Being accountable for ones’ actions should always be a focus whether in writing or everyday life. The purpose of this blog is to highlight what I think are two major points to be considered when writing about race: intent and purpose.
Before going into that though, I can admit that as a black writer, I don’t worry about offending white readers with my work. This is largely because – whether admitted or not – there is a privilege in there seemingly being no way to damagingly depict white characters in a negative light, based solely on race. That bold part is important.
While non-white characters’ fight stereotypes that pigeon hole them into various roles, white characters can be ‘the dumb jock’ or ‘the slutty blonde’, for example, but those negative stereotypes don’t stop them being the hero of the story or have an ongoing negative impact on the white character that comes after them.

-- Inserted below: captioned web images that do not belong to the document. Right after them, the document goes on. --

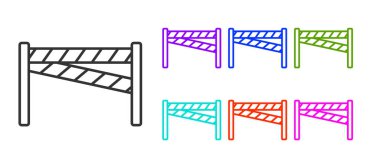 Siyah çizgi suç mahalli ikonu beyaz arka planda izole edildi. Simgeleri renklendirin. Vektör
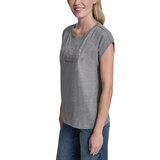 DKNY Playera para Dama Gris Mediana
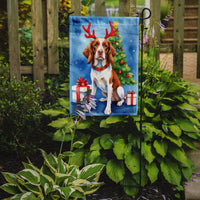 Brittany Spaniel Christmas Reindeer Garden Flag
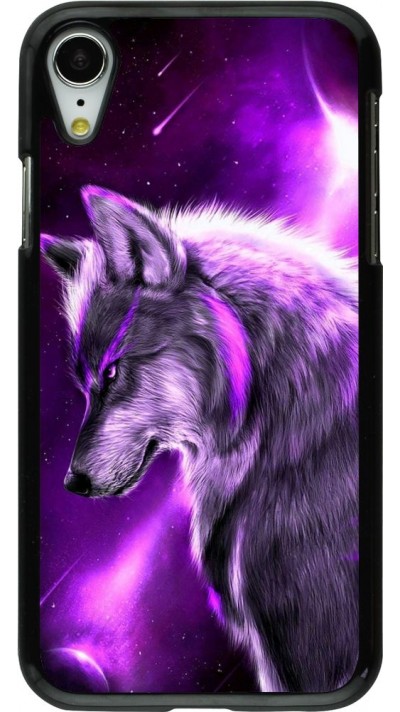 Hülle iPhone XR - Purple Sky Wolf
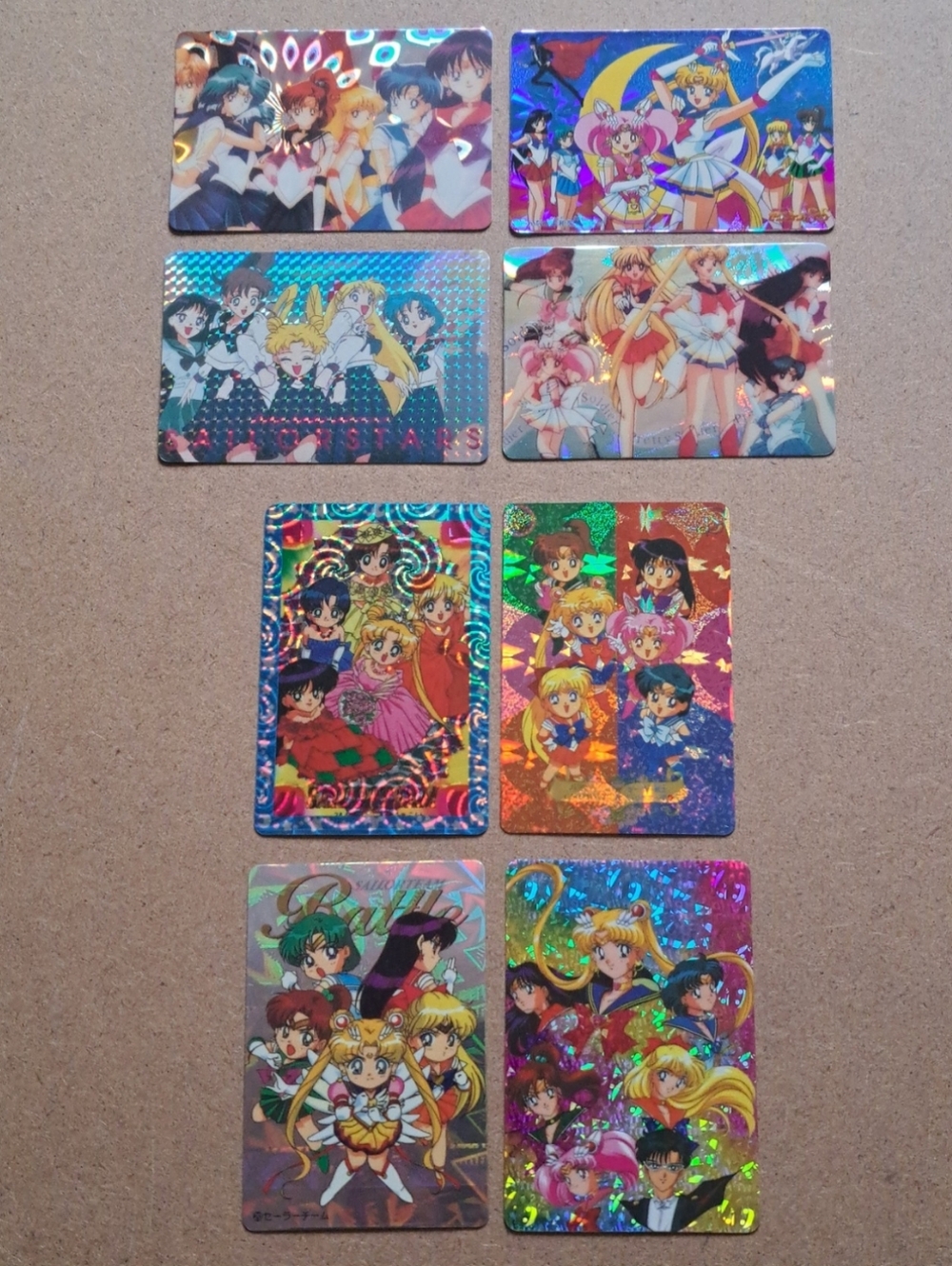 Vintage 90s Sailor Moon Holographic Prism Sticker Cards Lot of 8 | Bandai Japan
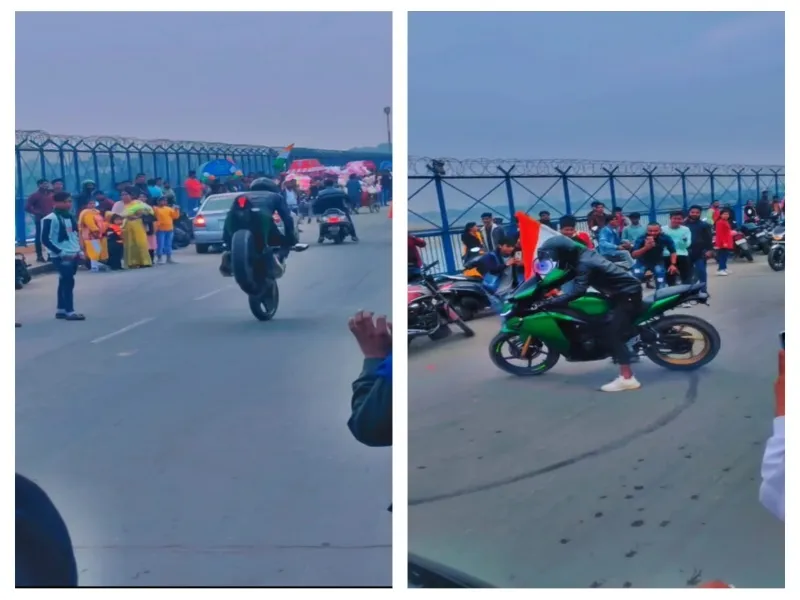 Kanpur Breaking: राइडर करता रहा स्टंट, लोग बनाते रहे Video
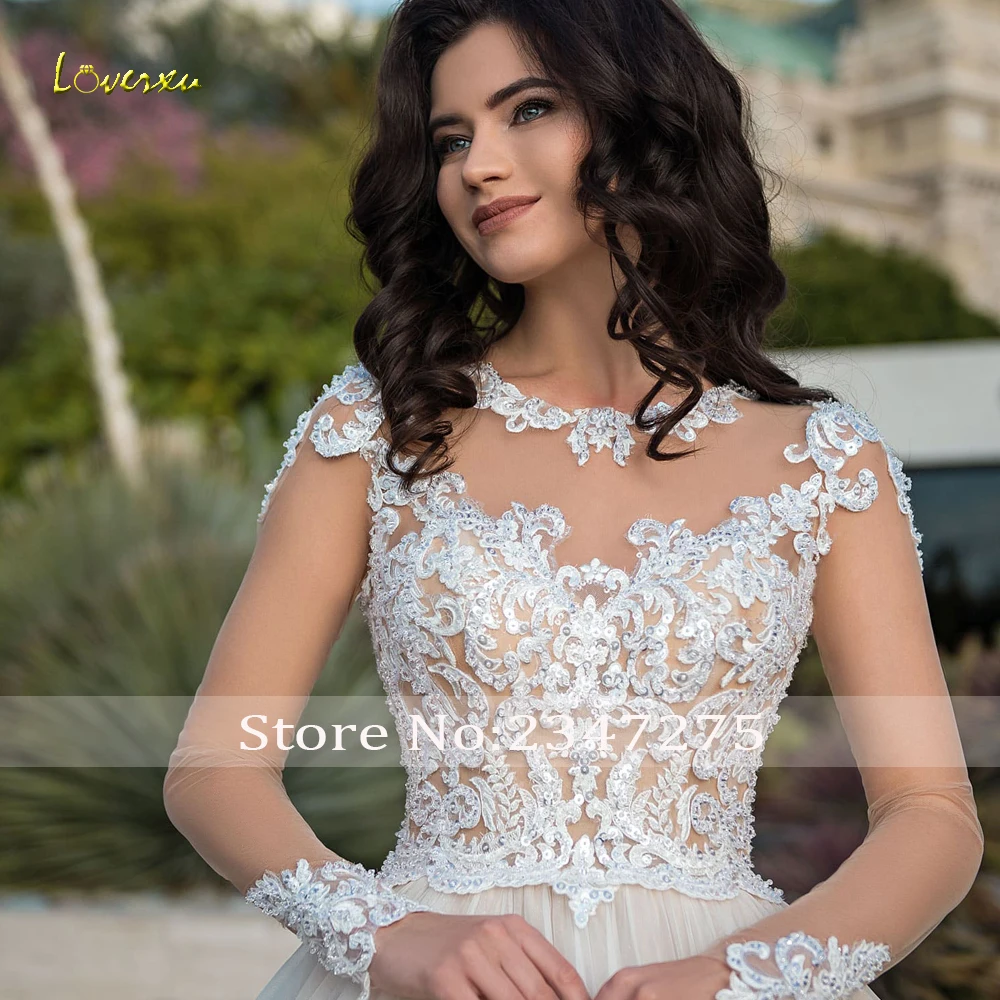 Loverxu Sexy Illusion Long Sleeve Lace Ball Gown Wedding Dresses Luxury Appliques Beaded Court Train Vintage Bridal Gowns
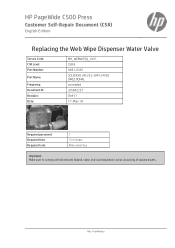 HP PageWide C500 CSR Replacing the Web Wipe Dispenser Water Valve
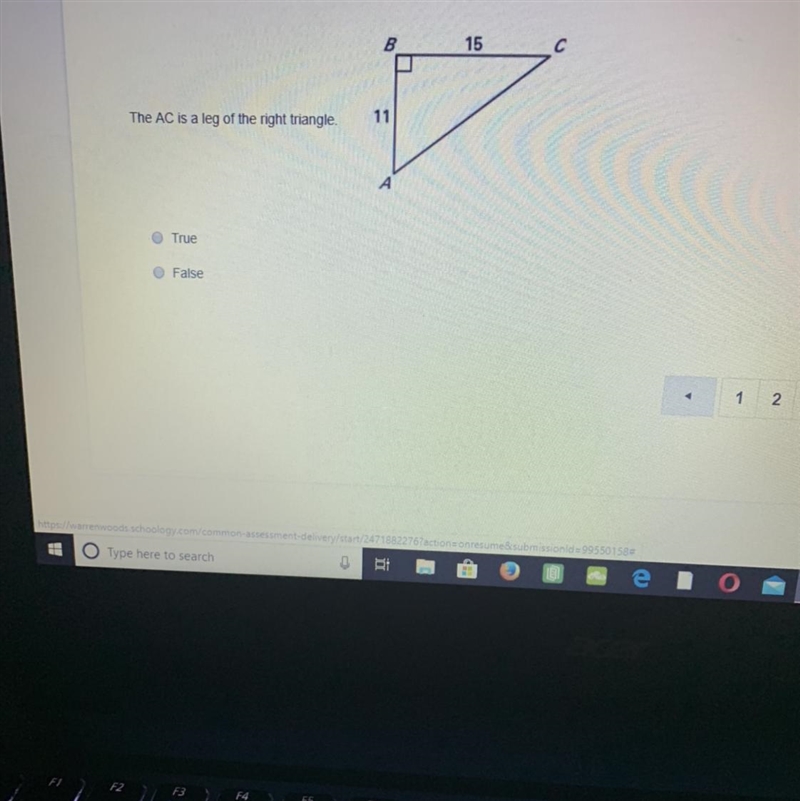 The ac is a leg of the right triangle True False-example-1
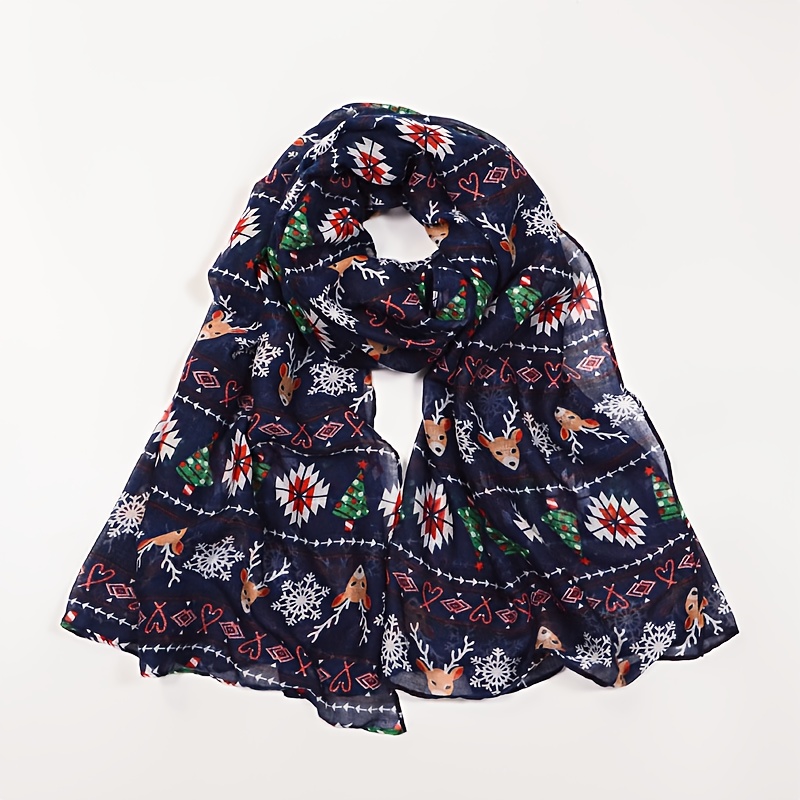 1 women's summer scarf winter windproof shawl, elegant contrast color printing casual beach bohemian style ethnic style soft shawl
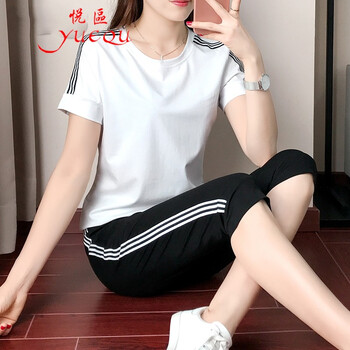 悅區(qū)（YUEQU） 條紋 短袖 T恤 女 圓領(lǐng)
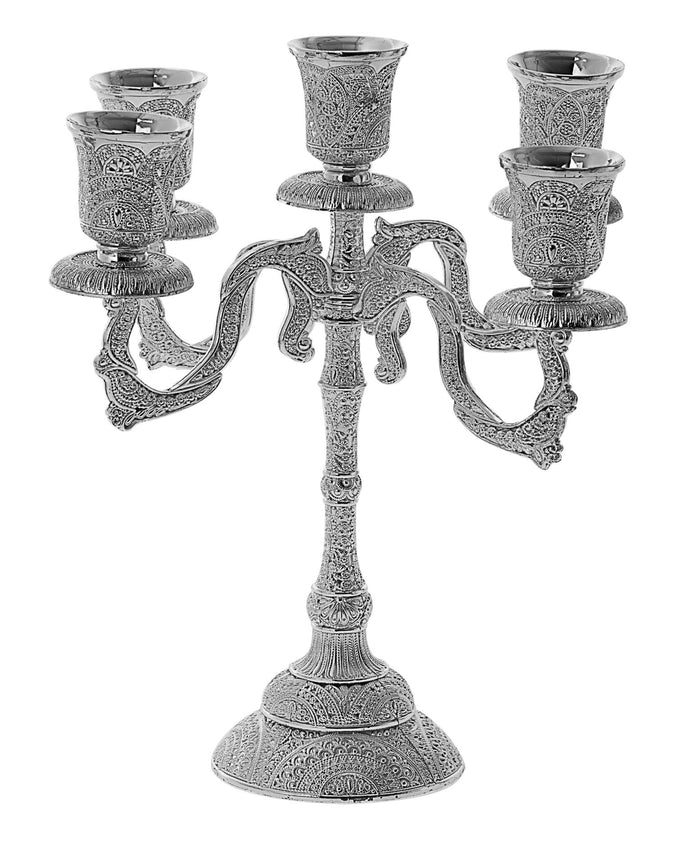 Silver plated five-branch candelabra with filigree-textured cups, curved arms and round base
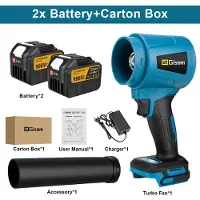 StarTech.com Souffleur de feuilles à batterie Jet-Fan - Souffleur manuel Turbo - 21V - 300 000 tr/min - Débit d'air de 400 m/s - Moteur sans balais - Coffret comprenant 2 batteries
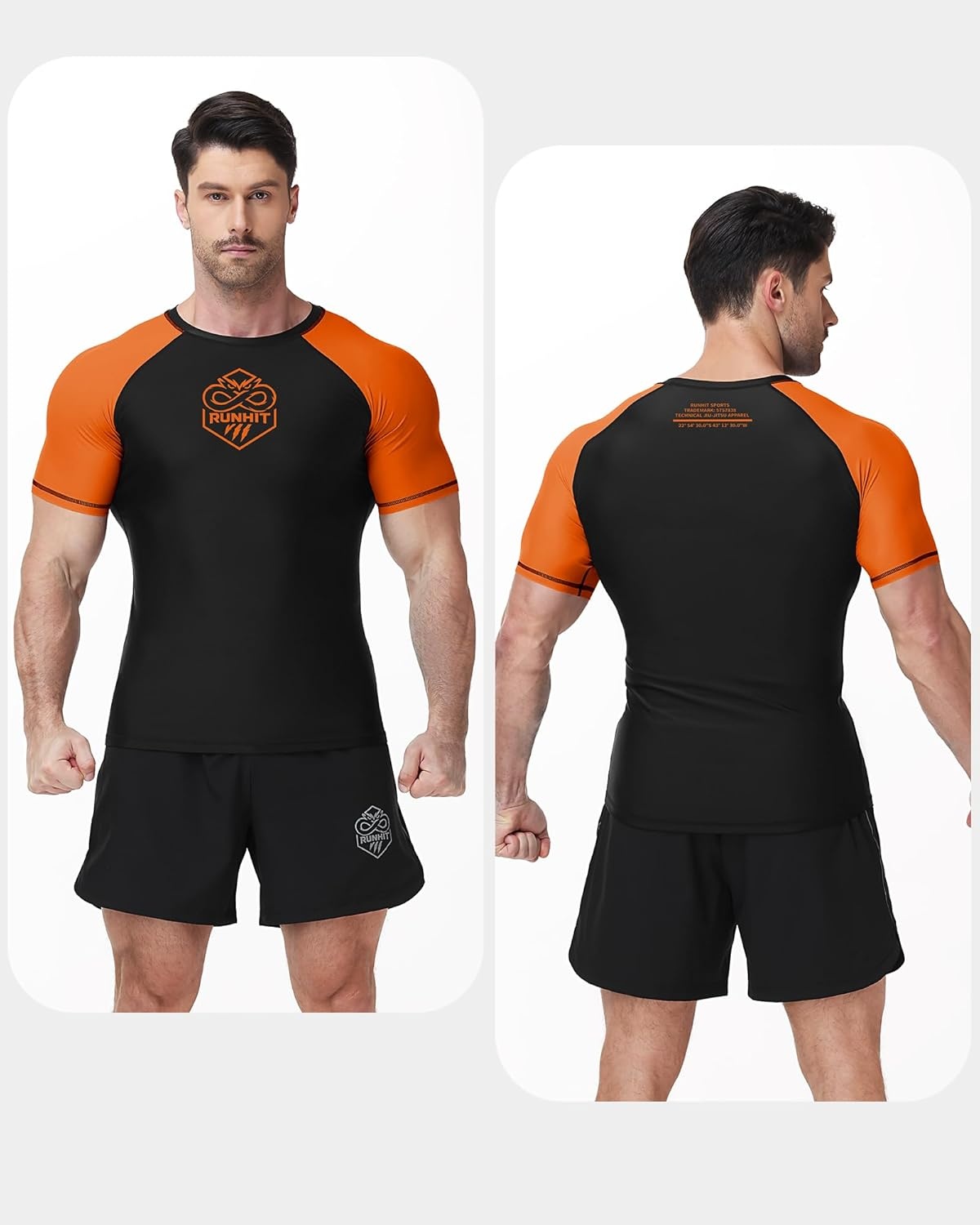 image:imageRunhit Mens BJJ Rash Guard Jiu Jitsu Compression Shirts Short Sleeve for MMA No GI Wrestling Sports Base Layer UPF 50Orange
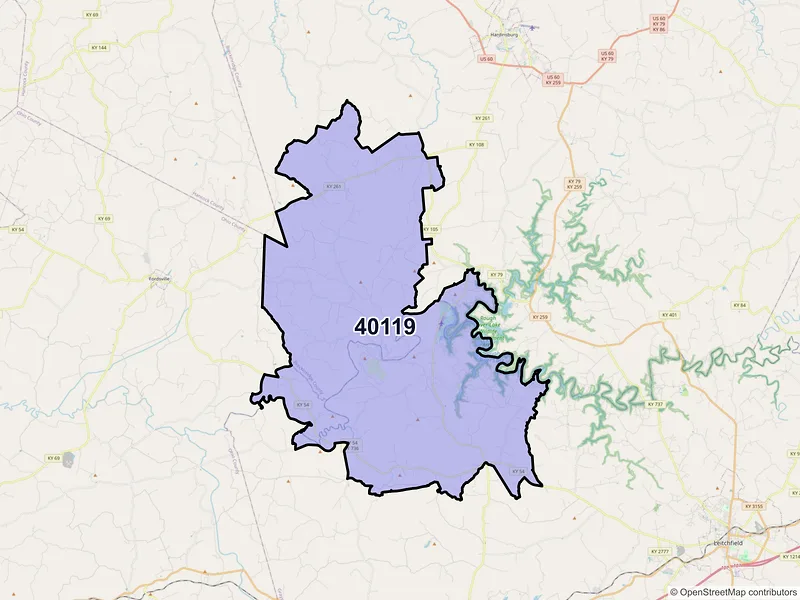 Map of ZIP Code 40119 — Falls of Rough, KY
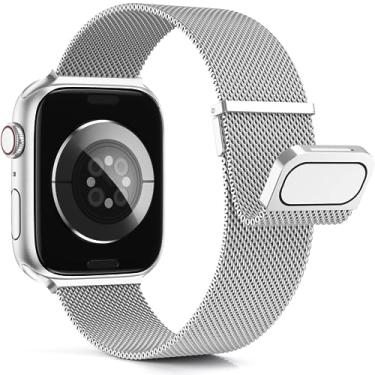 Imagem de HAOZHI Pulseira Magnético Compatível com Apple Watch 49mm 46mm 45mm 45mm 44mm 42mm 42mm 41mm 40mm 38mm,Bracelete Correia de Metal para iWatch Ultra SE 3 2,Series 11 10 9 8 7 6 5 4 3 2 1 (38mm/40mm/41mm/42mm)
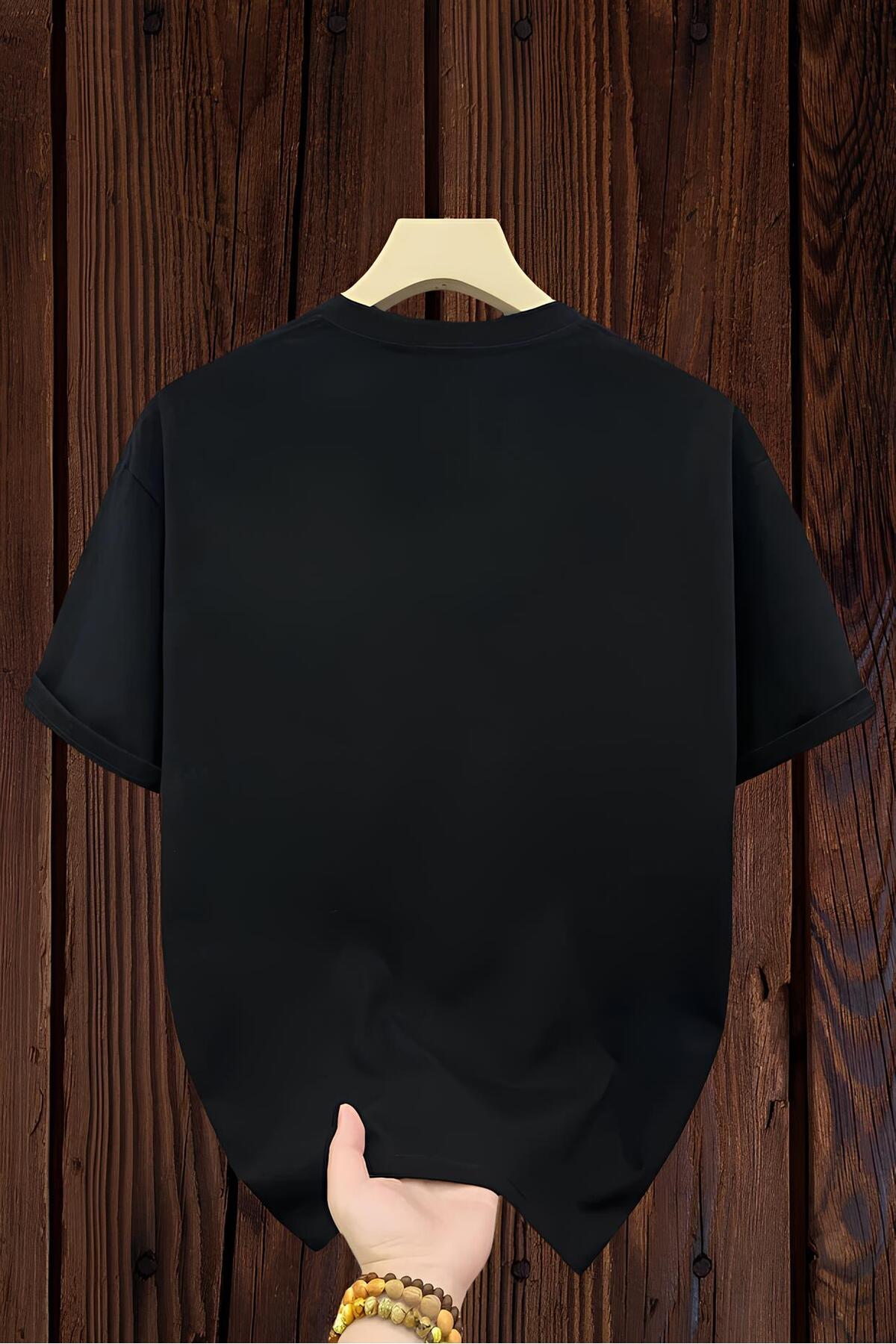 donamod  Pamuklu Rahat Şık Nasa Çizgisel Tasarımlı Oversize Tshirt Tişört - Görsel 2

They can always redeem themselves where unfortunately, the black teenage drug dealer or busty, lustful Latina cannot.
This is why it’s important to create more in depth, multi-faceted non-white characters but, how do we do this?
Let’s go back to the two main points then: intent and purpose. If choosing to include a character or characters from a race other than your own, try answering some of the questions below and see what takes shape:
What is your intention in creating this ethnic/racially diverse character?
What is their purpose in the story?
Are you trying to be inclusive for inclusive sake?
Do you feel personally inclined to include them or do you feel pressured into it?
Is there a cultural/world building element to including this person?
Will your story make an issue of their race in an ongoing negative light?
Depending on your answers, I suspect it will become pretty obvious whether your intent for this character is positively motivated or not. That’s not to say anyone ever has ill intent but if for example, your answer to the last question is yes and there is no real purpose for that, then you may need to re think your intent.
What I would hope, is that there are ethnically diverse characters in your stories simply because that’s the way your world is (if we’re talking Fantasy of course) and this character happens to display that. If so, great. If not, take a moment to think about your intentions for this character and the purpose for including them in your story.
If your intent is positive and justified both by your own thinking and that of your stories purpose/world building, a lot of your concerns might not actually be a problem. If, when writing about a white character, you never mention them going to the salon, why would you consider doing so for a black character and creating a scenario that a) might cause offence or b) makes no difference to the story?